EXERCISE DETAILS
Repeat the listing below exactly from the line with "feria navidad del" through its last line. Skip every picture.

DATA SHOWN

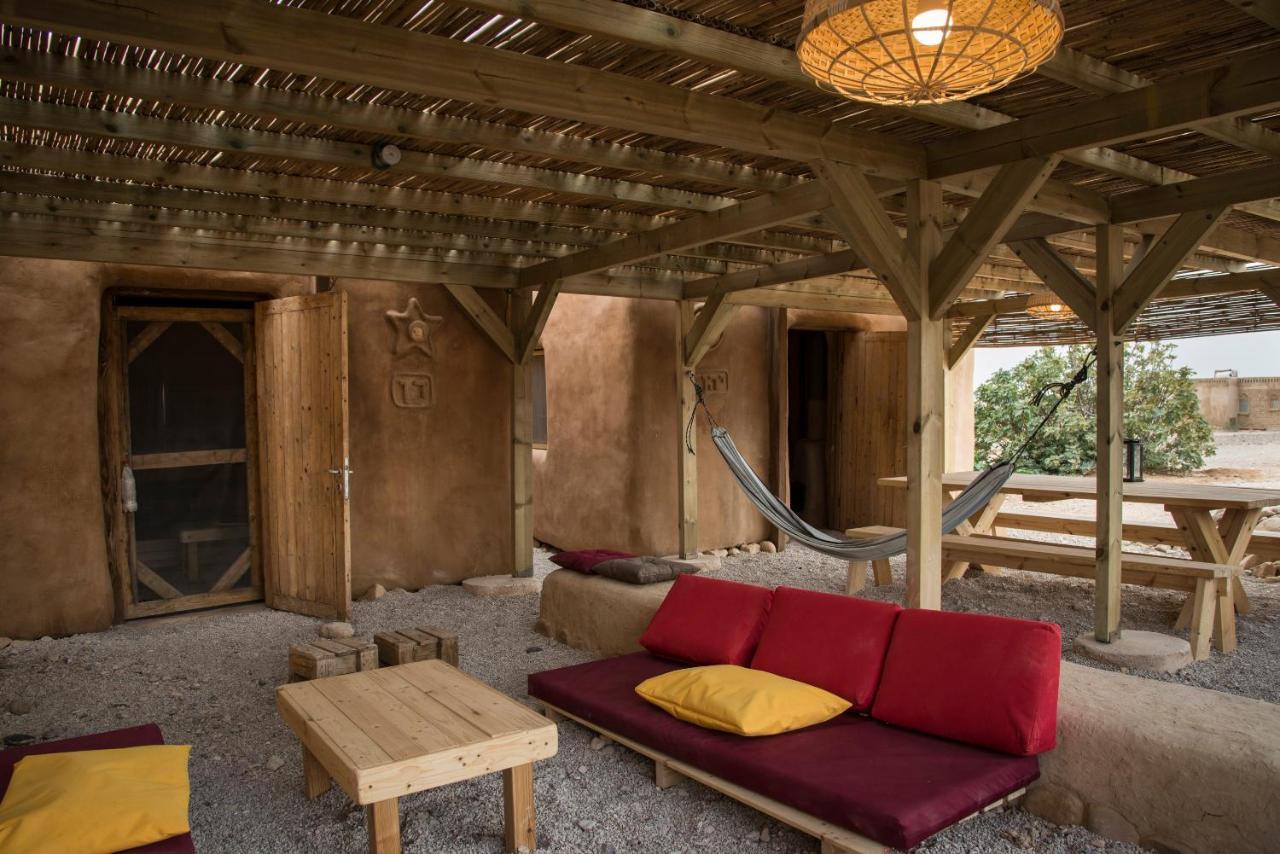 Tzukim Desert Days Mud Cabin'S Resort מראה חיצוני תמונה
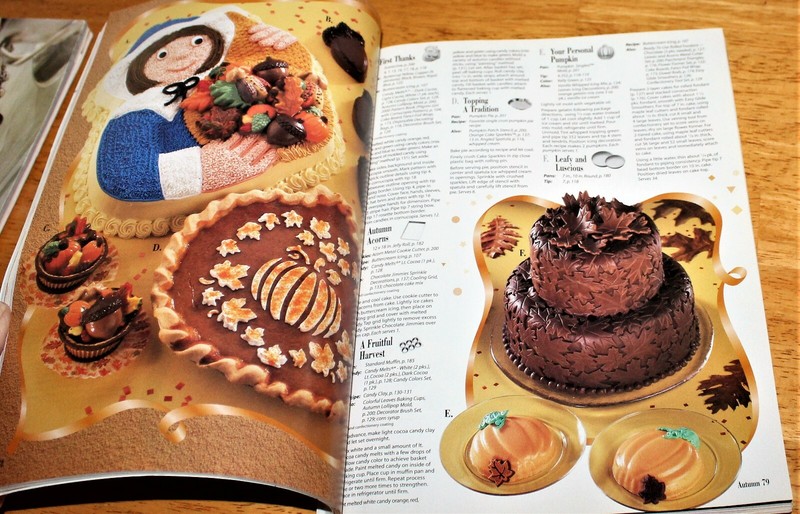 Wilton: YEARBOOK OF BAKING & CAKE DECORATING (Set of 2) 1997, 2000 Instructions gallery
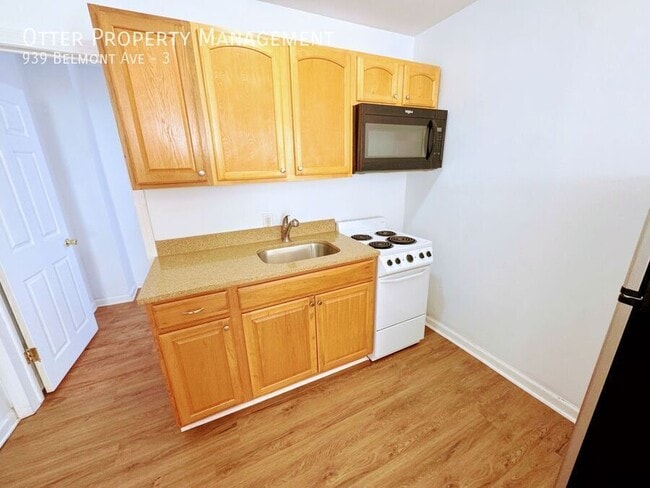 Photo - 939 Belmont Ave Unit 3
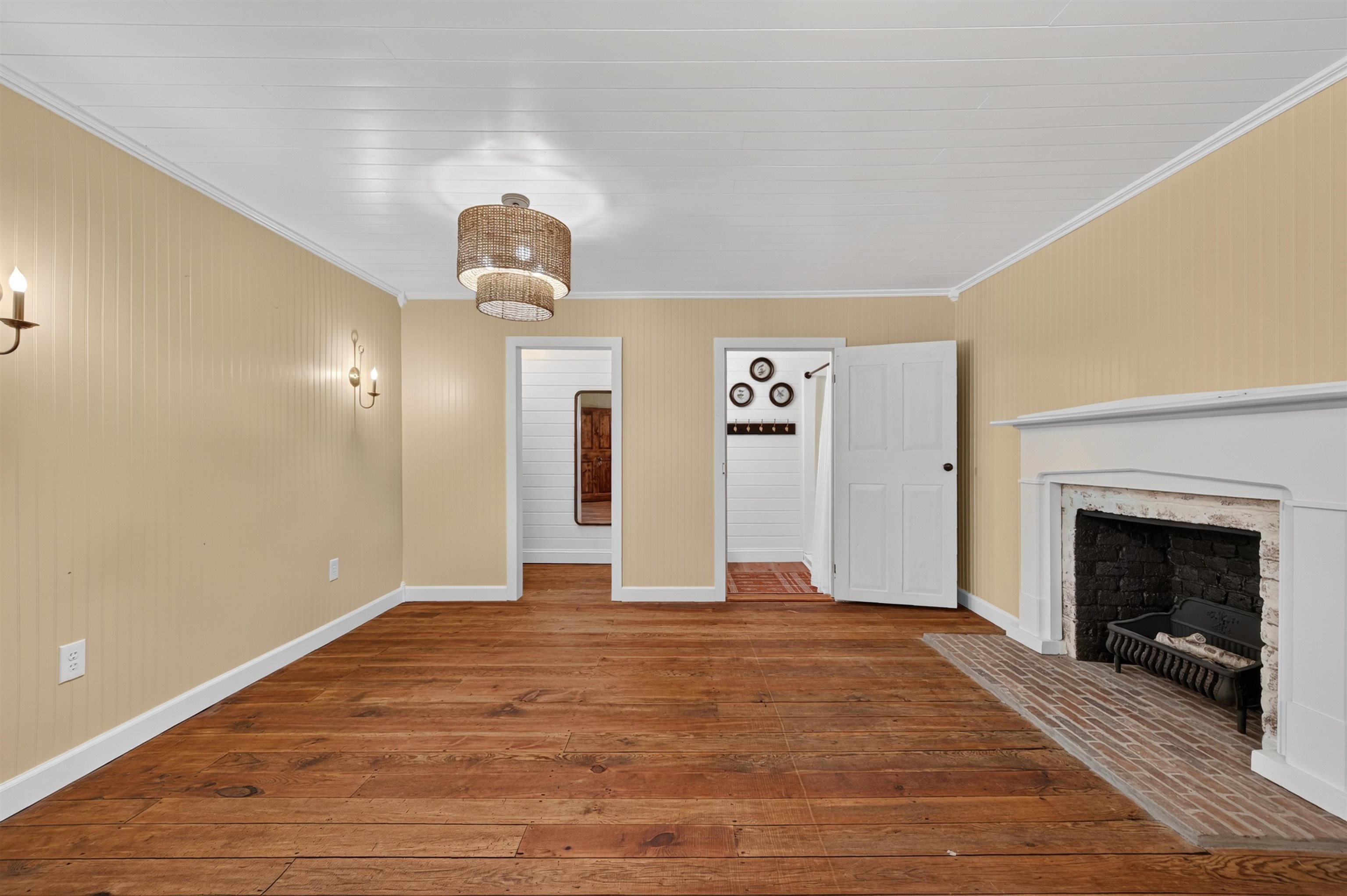 736 Mule Hell Road Wytheville VA 24382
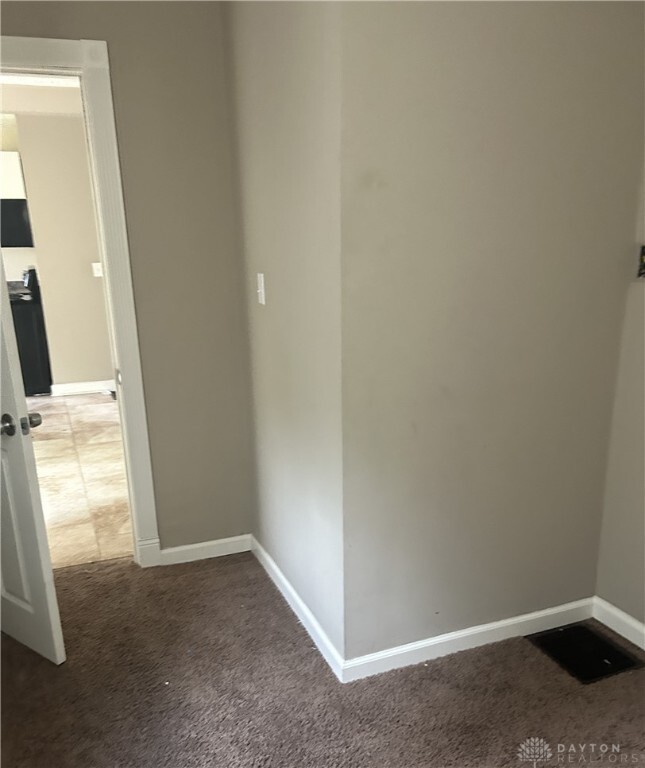 Property Photo: 1424 Elmdale Drive OH 45409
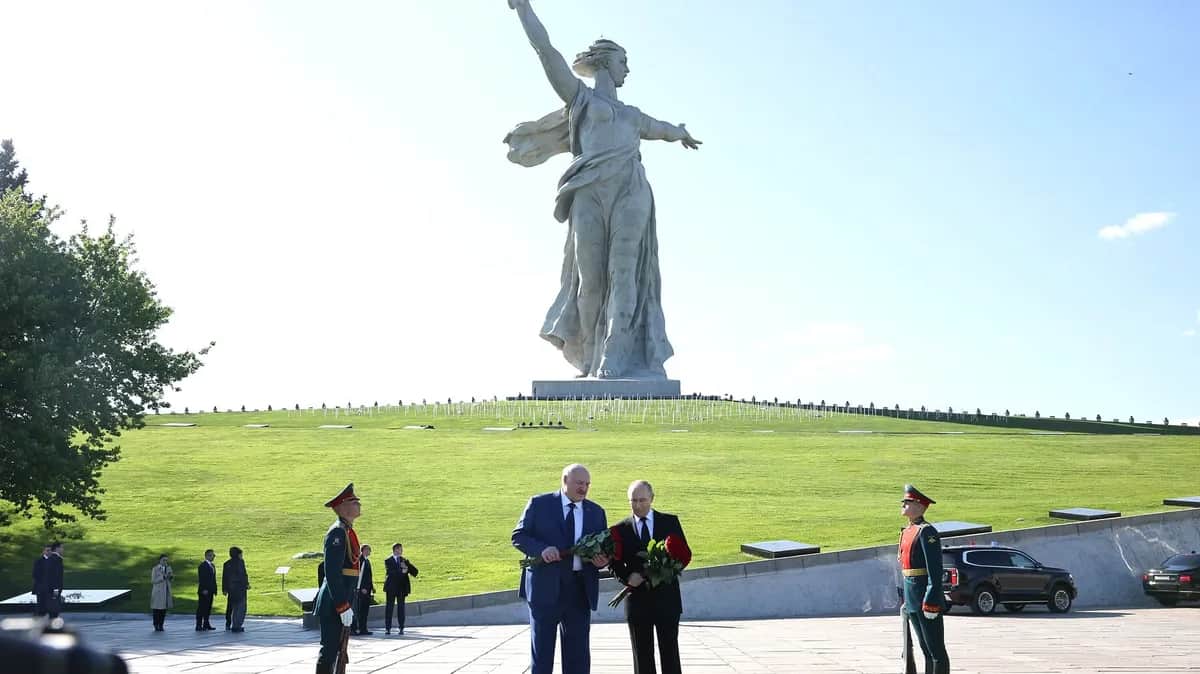 Vladimir Putin and Alexander Lukashenko pay respects to the soldiers fallen in World War II near The Motherland Calls Monument, Volgograd, Russia, 29 April 2025. Photo: The Kremlin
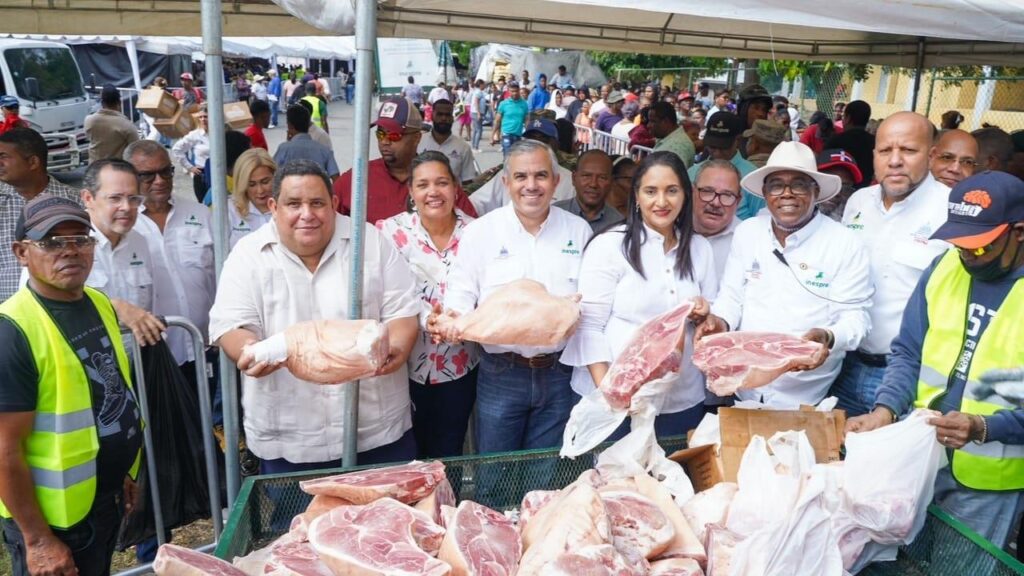 feria navidad del cambio exito en azua 1733137566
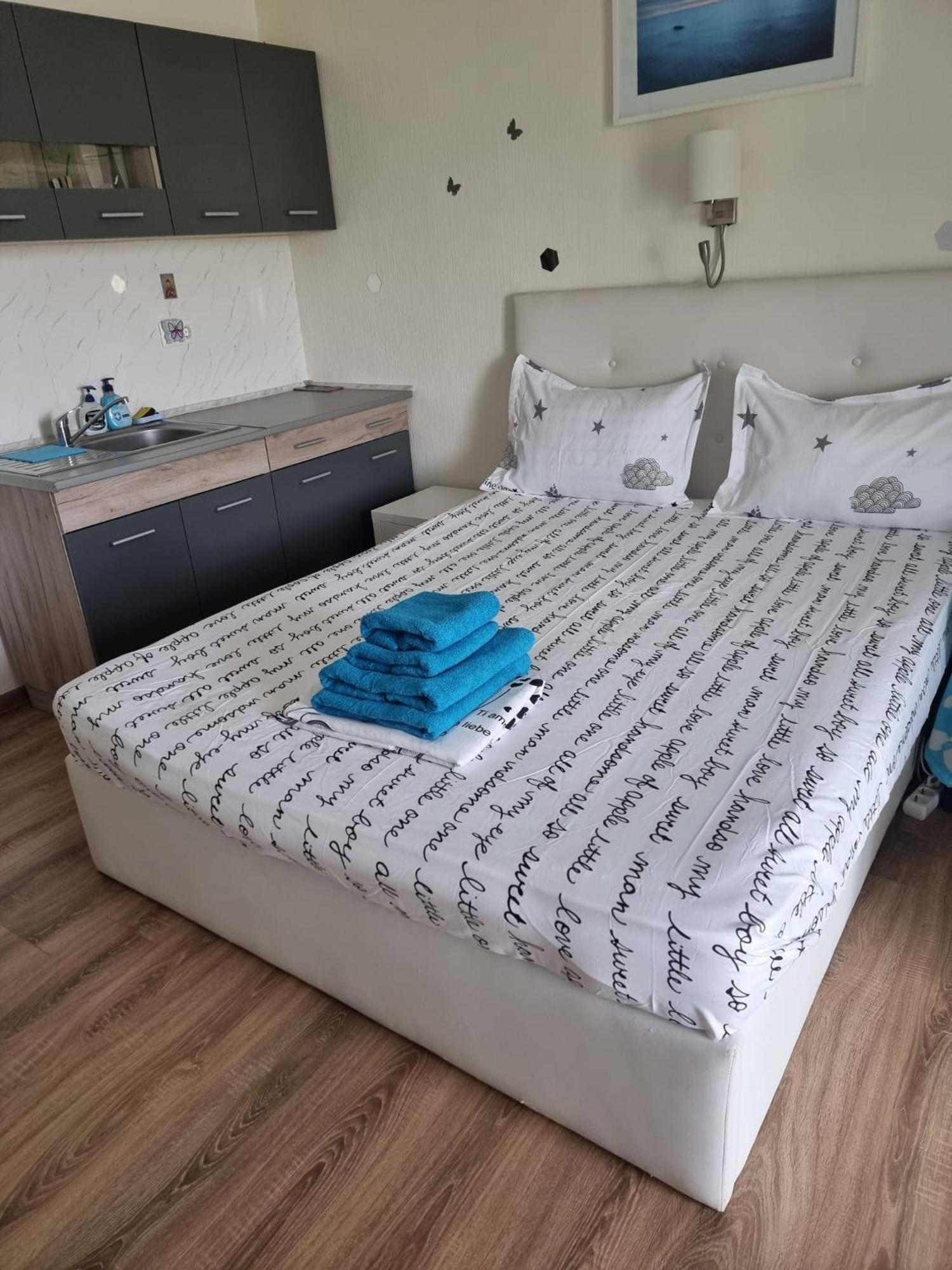 Blaxy Resort Stefi Cu Acces La Piscine Gratuit Douăzeci şi Trei August Εξωτερικό φωτογραφία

EXERCISE SOLUTION
 feria navidad del cambio exito en azua 1733137566
 Blaxy Resort Stefi Cu Acces La Piscine Gratuit Douăzeci şi Trei August Εξωτερικό φωτογραφία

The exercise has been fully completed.